Data in this exercise Block Start
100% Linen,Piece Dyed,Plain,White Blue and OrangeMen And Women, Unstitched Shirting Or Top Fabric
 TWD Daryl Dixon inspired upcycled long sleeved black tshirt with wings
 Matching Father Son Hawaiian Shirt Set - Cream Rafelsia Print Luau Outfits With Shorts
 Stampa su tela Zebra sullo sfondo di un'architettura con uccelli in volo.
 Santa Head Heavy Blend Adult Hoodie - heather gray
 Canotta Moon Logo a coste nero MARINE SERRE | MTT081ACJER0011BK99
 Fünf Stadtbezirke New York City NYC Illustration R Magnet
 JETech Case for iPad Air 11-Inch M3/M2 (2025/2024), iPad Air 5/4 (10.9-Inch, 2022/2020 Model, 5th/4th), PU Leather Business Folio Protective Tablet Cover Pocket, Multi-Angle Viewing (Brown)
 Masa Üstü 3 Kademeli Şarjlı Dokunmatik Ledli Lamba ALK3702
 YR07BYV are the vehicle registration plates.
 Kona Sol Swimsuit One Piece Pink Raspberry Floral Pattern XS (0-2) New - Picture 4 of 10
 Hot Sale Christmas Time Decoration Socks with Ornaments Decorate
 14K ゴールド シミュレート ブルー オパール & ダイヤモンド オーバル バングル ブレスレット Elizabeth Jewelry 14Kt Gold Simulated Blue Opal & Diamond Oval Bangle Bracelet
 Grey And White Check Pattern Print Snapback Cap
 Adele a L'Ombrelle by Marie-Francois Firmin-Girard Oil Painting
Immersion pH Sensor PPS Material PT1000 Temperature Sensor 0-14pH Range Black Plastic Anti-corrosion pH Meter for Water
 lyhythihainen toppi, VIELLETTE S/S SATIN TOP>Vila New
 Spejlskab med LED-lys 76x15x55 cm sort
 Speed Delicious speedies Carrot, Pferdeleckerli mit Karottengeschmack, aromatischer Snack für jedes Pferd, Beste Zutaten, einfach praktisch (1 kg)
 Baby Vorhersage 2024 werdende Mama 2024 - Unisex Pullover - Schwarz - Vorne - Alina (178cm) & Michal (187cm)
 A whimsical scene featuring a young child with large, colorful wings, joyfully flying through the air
Data in this exercise Block End
Task: Using only the listing above, restate exactly the lines from the line containing "Hot Sale Christmas" through the line containing "Speed Delicious speedies", both included.

Solution for this task:
 Hot Sale Christmas Time Decoration Socks with Ornaments Decorate
 14K ゴールド シミュレート ブルー オパール & ダイヤモンド オーバル バングル ブレスレット Elizabeth Jewelry 14Kt Gold Simulated Blue Opal & Diamond Oval Bangle Bracelet
 Grey And White Check Pattern Print Snapback Cap
 Adele a L'Ombrelle by Marie-Francois Firmin-Girard Oil Painting
Immersion pH Sensor PPS Material PT1000 Temperature Sensor 0-14pH Range Black Plastic Anti-corrosion pH Meter for Water
 lyhythihainen toppi, VIELLETTE S/S SATIN TOP>Vila New
 Spejlskab med LED-lys 76x15x55 cm sort
 Speed Delicious speedies Carrot, Pferdeleckerli mit Karottengeschmack, aromatischer Snack für jedes Pferd, Beste Zutaten, einfach praktisch (1 kg)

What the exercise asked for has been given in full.